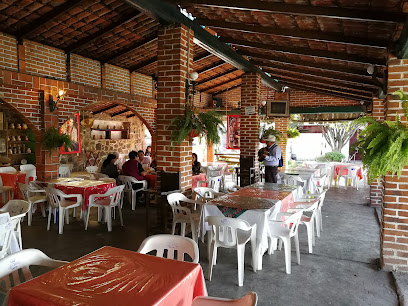 Restaurante “El paraíso,Tepetlixpa”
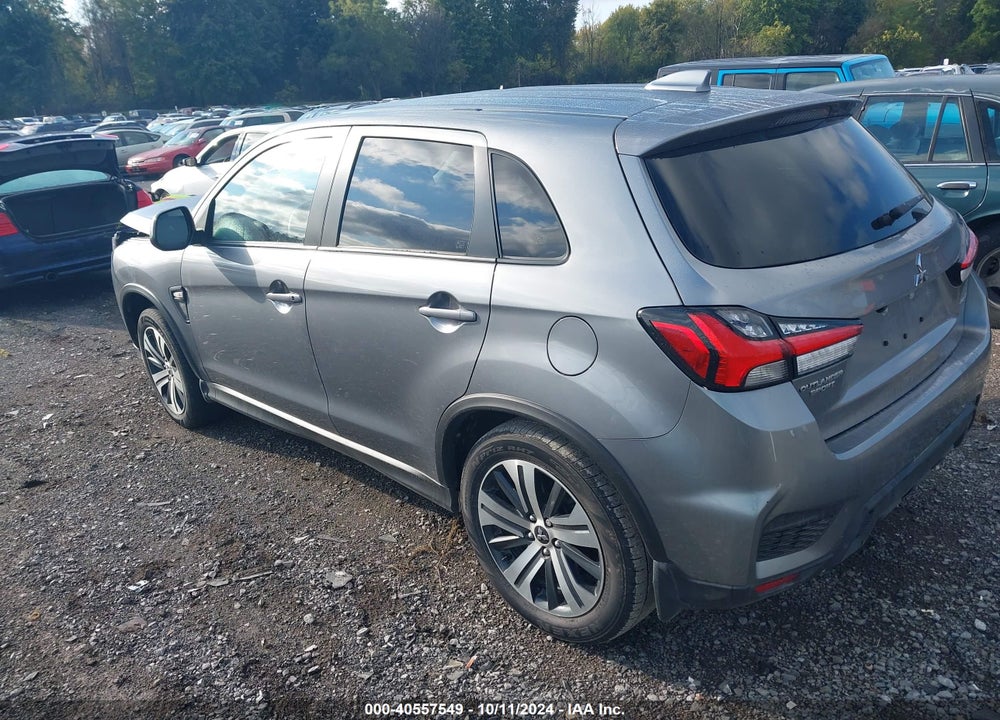 2023 MITSUBISHI OUTLANDER SPORT 2.0 ES VIN: JA4ARUAU1PU011914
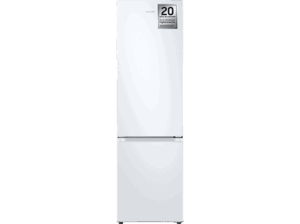 Samsung SMART AI RB38C605CWW/EF No Frost 203 cm 390l All-Around Cooling WiFi Blanco. Opiniones ¿Vale la pena en julio de 2026?.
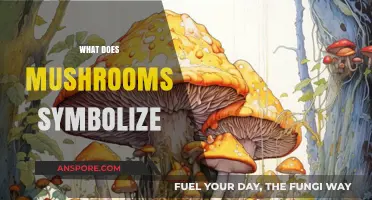 Mushrooms: Ancient Symbols of Life and Death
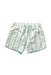 A Green Swim Shorts from Minnow in size 7Y for boy. (Front View)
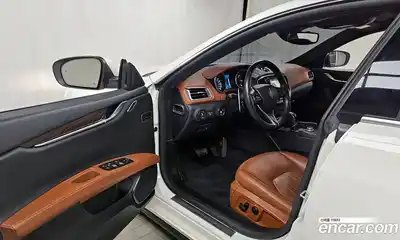 Maserati Ghibli 2017 3.0 гидро в Москве № 304545, миниатюра 10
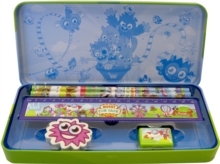 MOSHI MONSTERS FUN PARK FILLED PENCIL TI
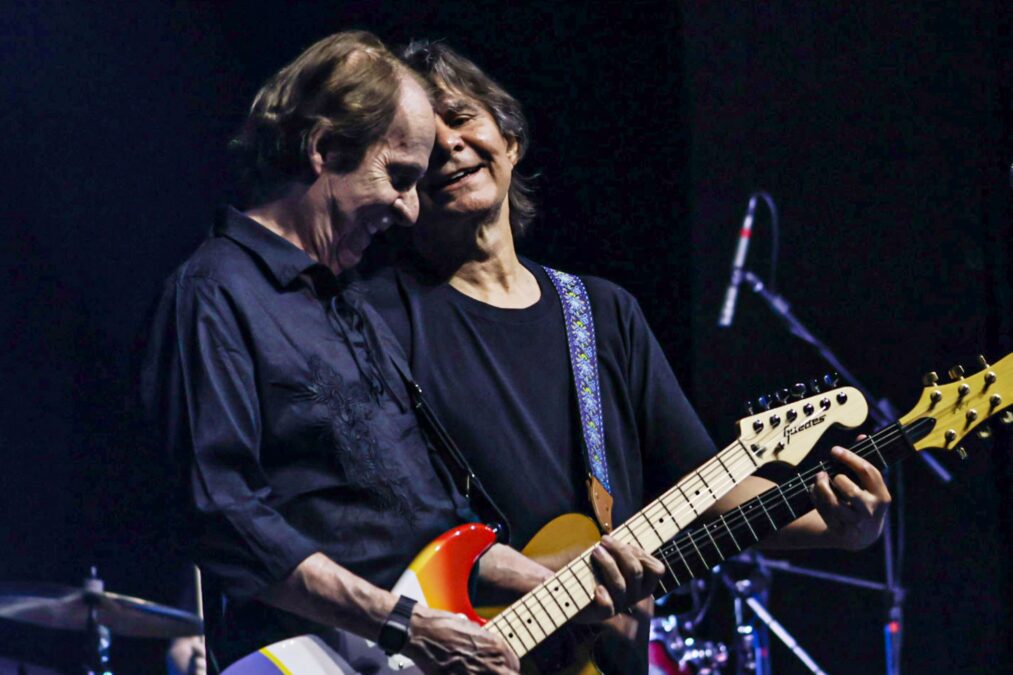 Quando as esquinas se reencontram no palco do Festival Estilo Brasil
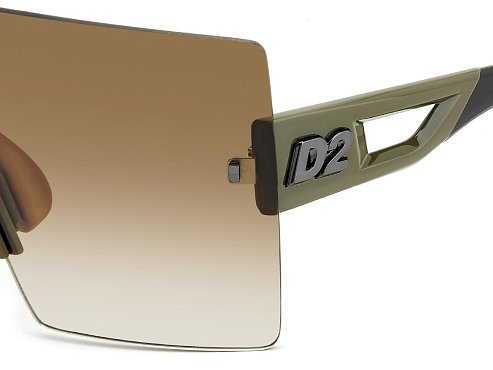 Солнцезащитные очки DSQUARED2 D2 0126/S XL7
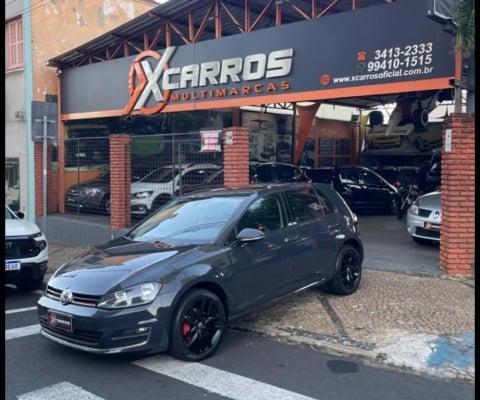 Volkswagen GOLF 1.4 TSI HIGHLINE 16V GASOLINA 4P AUTOMÁTICO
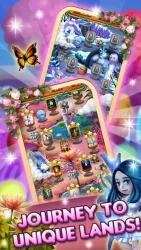 Match 3 Magic Lands: Fairy King’s Quest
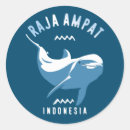 Search for swim with dolphins stickers Under the sea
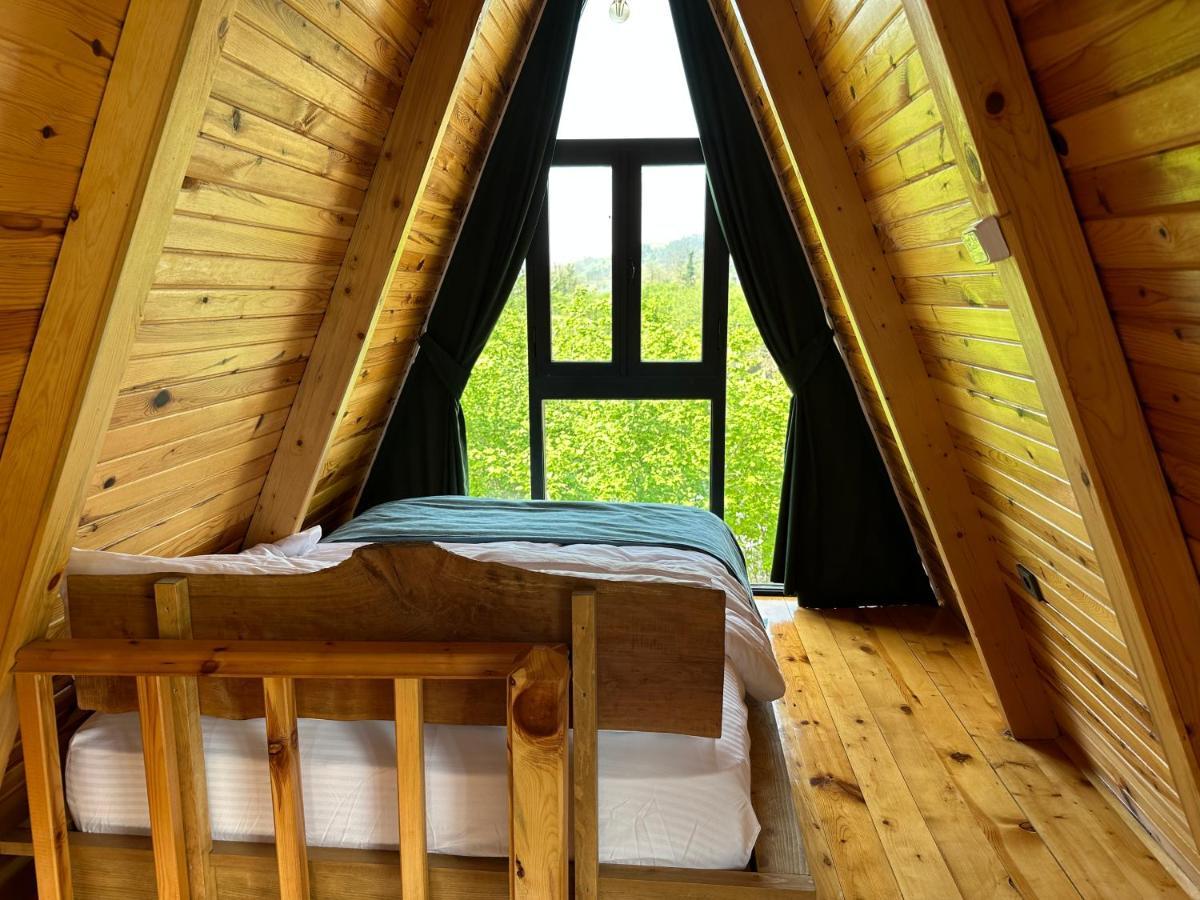 Yesil Dues Tatil Koeyue Findikli (Black Sea) Екстериор снимка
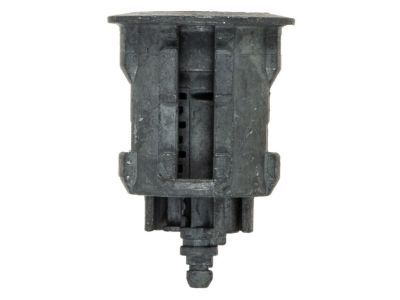 Jeep 68001713AA Cylinder & Keys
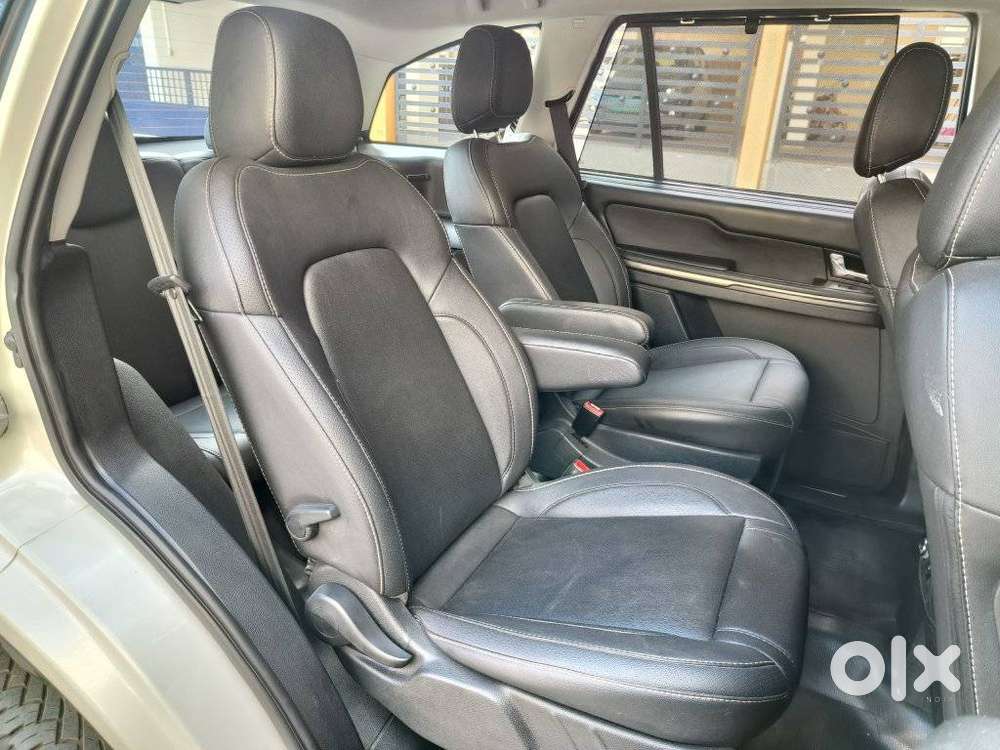 Tata Hexa Xta, 2018, Diesel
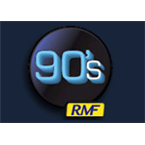 Radio RMF 90s 90`s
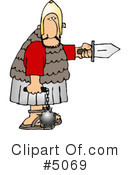Roman Army Clipart #5069 by djart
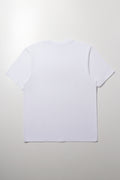 Short Sleeve T-Shirt White (4)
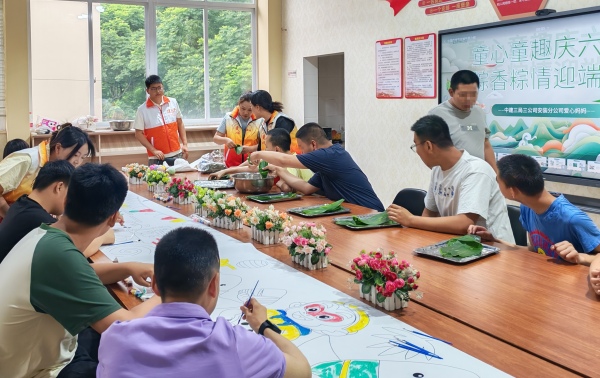活動現場。何浪攝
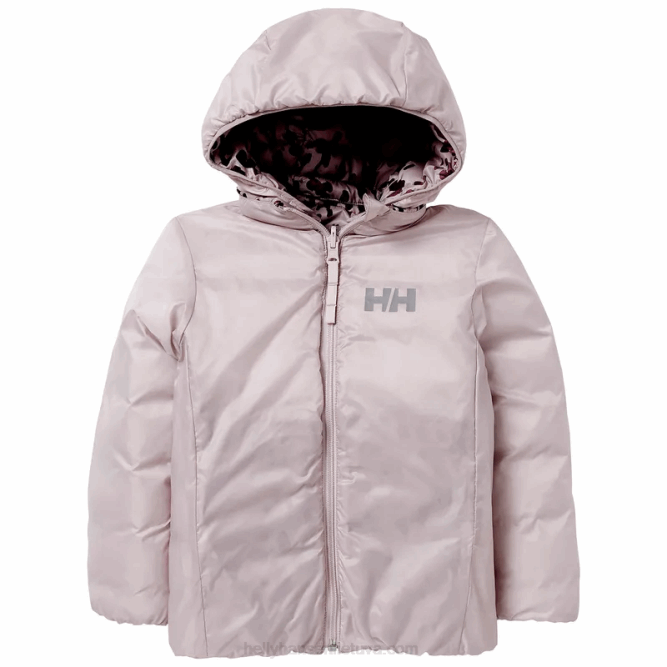 N6822286 giacca twister per bambini Helly-Hansen triplo espr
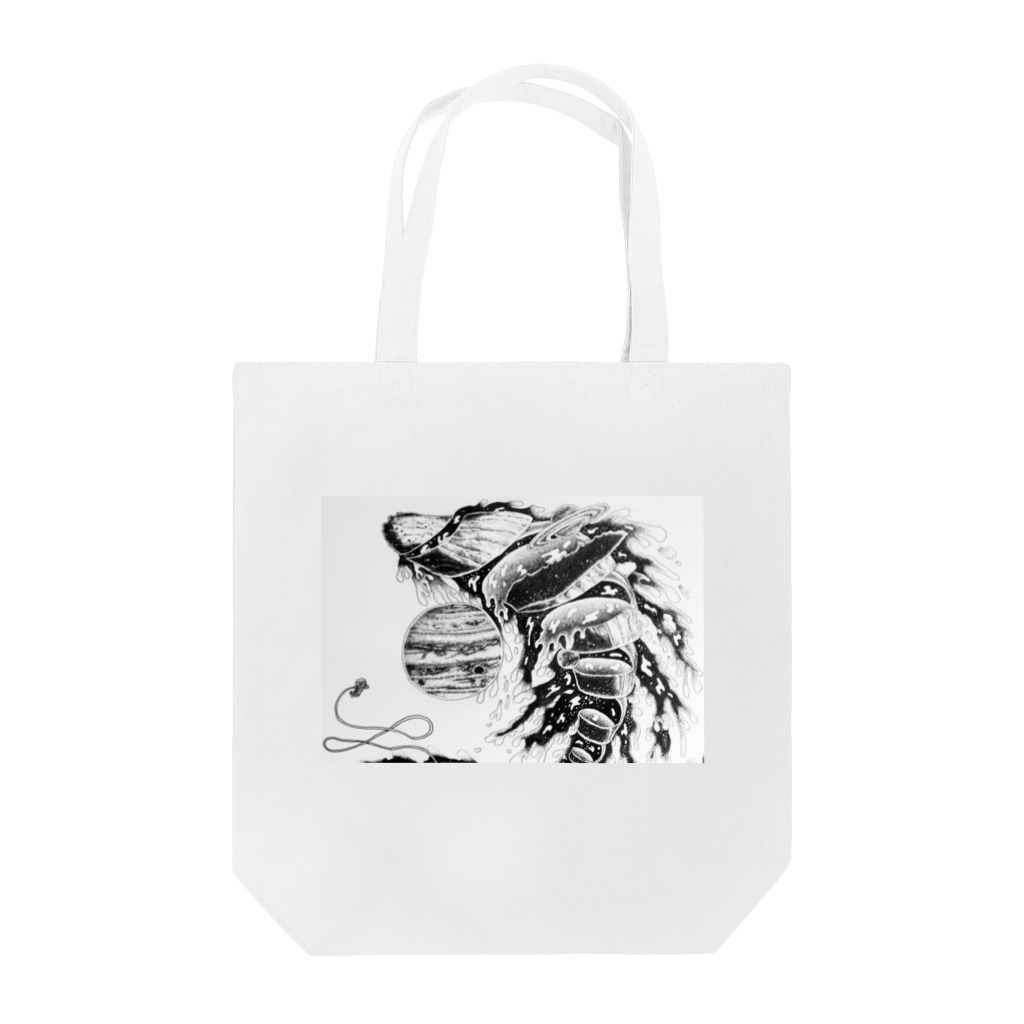 たいぴんぐの創生 Tote Bag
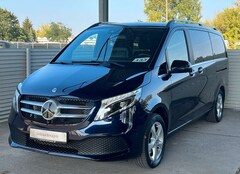 Bild des Angebotes Mercedes-Benz V 250 LANG 4M LEDER PANO MBUX 360° AHK EL. TÜREN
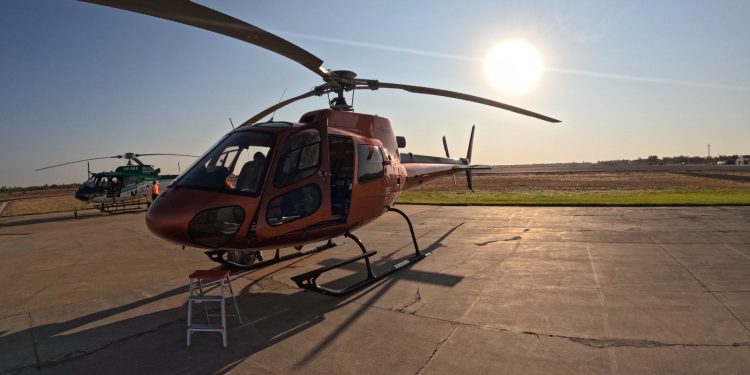 Dois helicópteros e monitoramento em tempo real: os bastidores dos resgates no Sertões realizados em tempo recorde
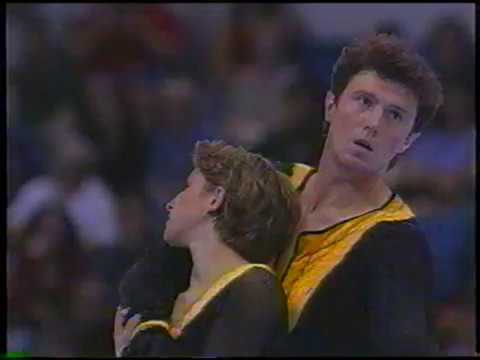 O. KAZAKOVA & A. DMITRIEV - 1998 GOODWILL GAMES - FS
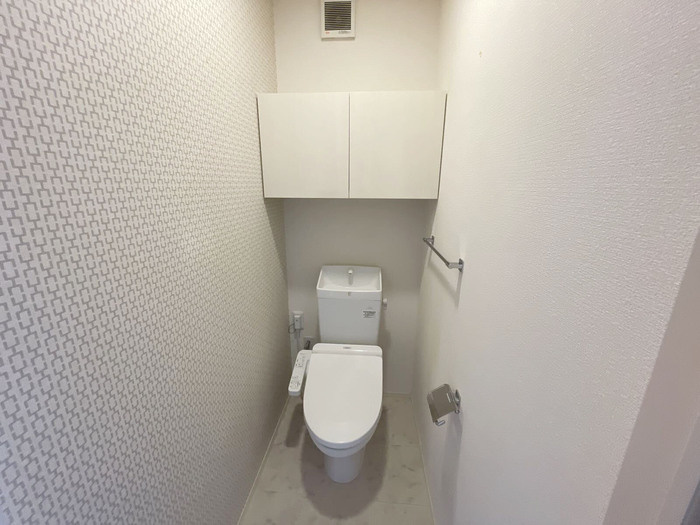 ドエルエミネンス輝のトイレ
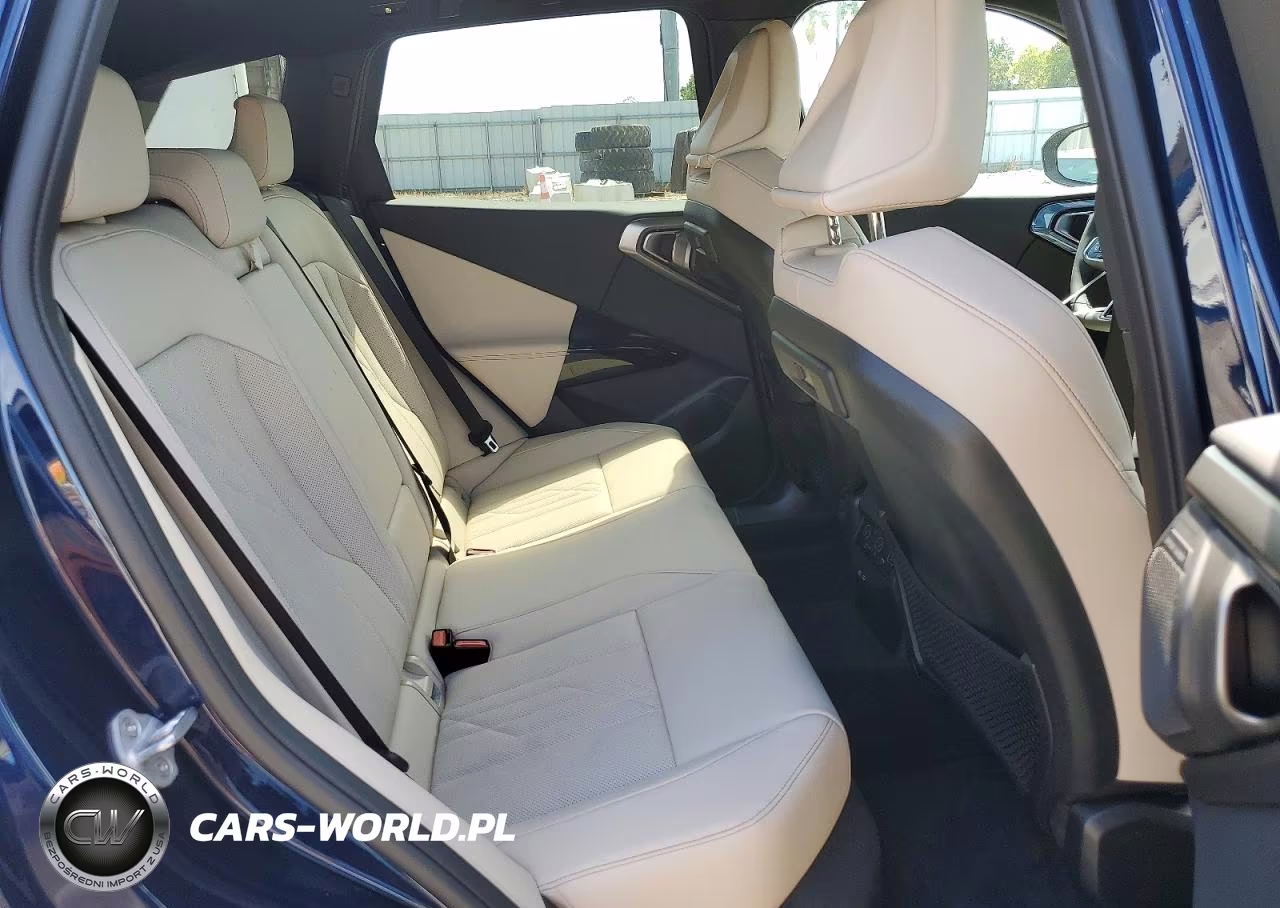 2026 BMW X3 30 xDrive VIN:5UX53GP01T9568588 - 11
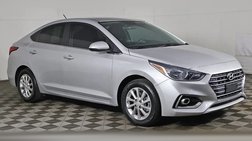 2022 Hyundai Accent SEL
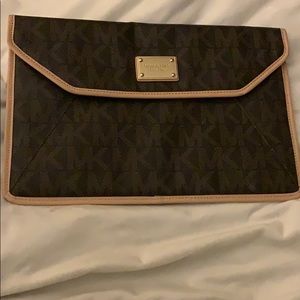 Michael Kors laptop case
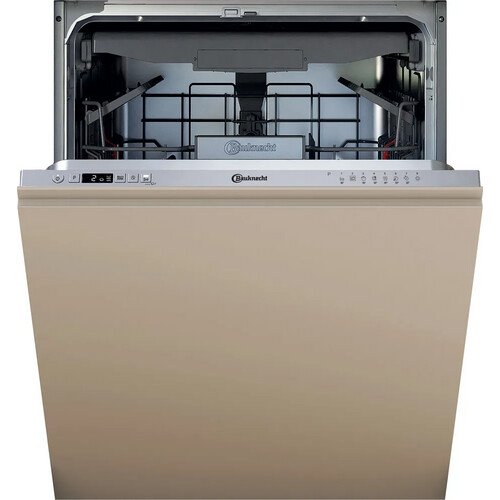 Bauknecht B0id541as - Inbouw Vaatwasser - 60 Cm - 14 Couverts - Besteklade - 41 Db - Energieklasse C | Nieuw (outlet) Tweedehands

====================

INSTRUCTIONS FOR THE TASK – The reply should consist only of the lines running from the one with "Match 3 Magic Lands: Fairy King’s Quest" through the end of the material, both included, copied exactly; please omit pictures.

RESPONSE TO THIS EXERCISE –
 Match 3 Magic Lands: Fairy King’s Quest
 Search for swim with dolphins stickers Under the sea
 Yesil Dues Tatil Koeyue Findikli (Black Sea) Екстериор снимка
 Jeep 68001713AA Cylinder & Keys
 Tata Hexa Xta, 2018, Diesel
 Radio RMF 90s 90`s
Roman Army Clipart #5069 by djart
 Short Sleeve T-Shirt White (4)
活動現場。何浪攝
 N6822286 giacca twister per bambini Helly-Hansen triplo espr
 たいぴんぐの創生 Tote Bag
 Bild des Angebotes Mercedes-Benz V 250 LANG 4M LEDER PANO MBUX 360° AHK EL. TÜREN
 Dois helicópteros e monitoramento em tempo real: os bastidores dos resgates no Sertões realizados em tempo recorde
 O. KAZAKOVA & A. DMITRIEV - 1998 GOODWILL GAMES - FS
 ドエルエミネンス輝のトイレ
 2026 BMW X3 30 xDrive VIN:5UX53GP01T9568588 - 11
 2022 Hyundai Accent SEL
 Michael Kors laptop case
 Bauknecht B0id541as - Inbouw Vaatwasser - 60 Cm - 14 Couverts - Besteklade - 41 Db - Energieklasse C | Nieuw (outlet) Tweedehands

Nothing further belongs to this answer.